--- Collected data ---
********

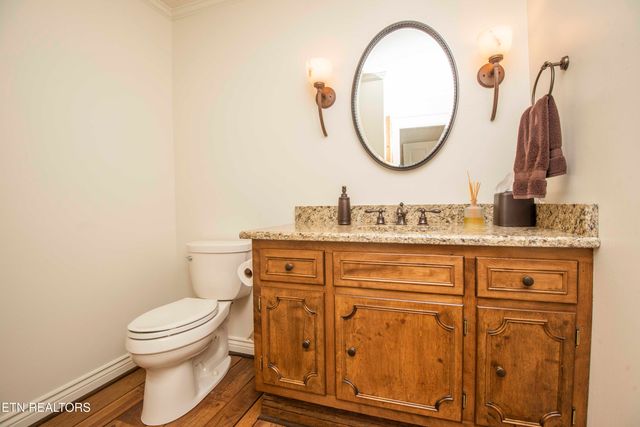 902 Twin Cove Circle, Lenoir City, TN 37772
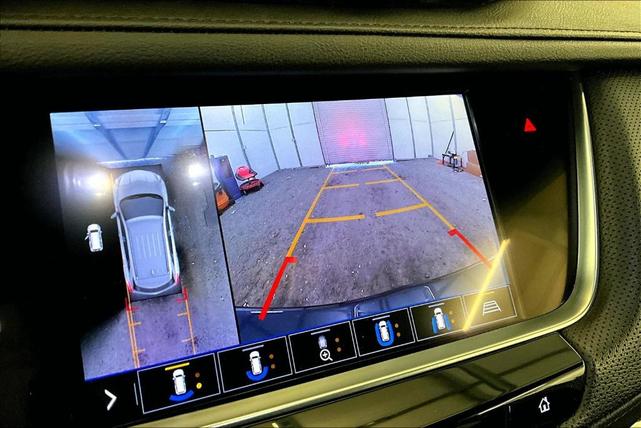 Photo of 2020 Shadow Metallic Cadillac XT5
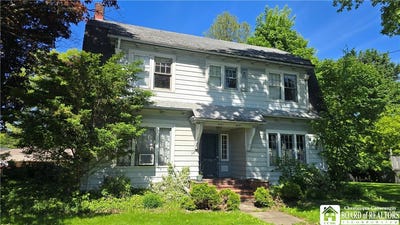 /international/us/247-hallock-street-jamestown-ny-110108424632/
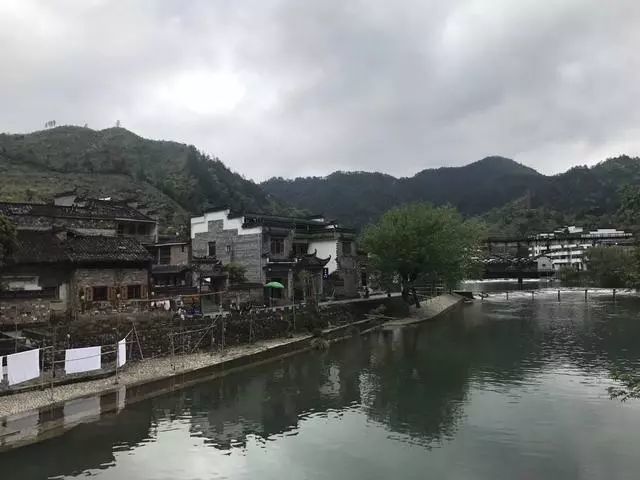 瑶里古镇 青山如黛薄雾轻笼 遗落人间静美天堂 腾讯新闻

********

Could you print the whole listing again, exactly, leaving the pictures out?

--- Answer space ---
 902 Twin Cove Circle, Lenoir City, TN 37772
 Photo of 2020 Shadow Metallic Cadillac XT5
 /international/us/247-hallock-street-jamestown-ny-110108424632/
 瑶里古镇 青山如黛薄雾轻笼 遗落人间静美天堂 腾讯新闻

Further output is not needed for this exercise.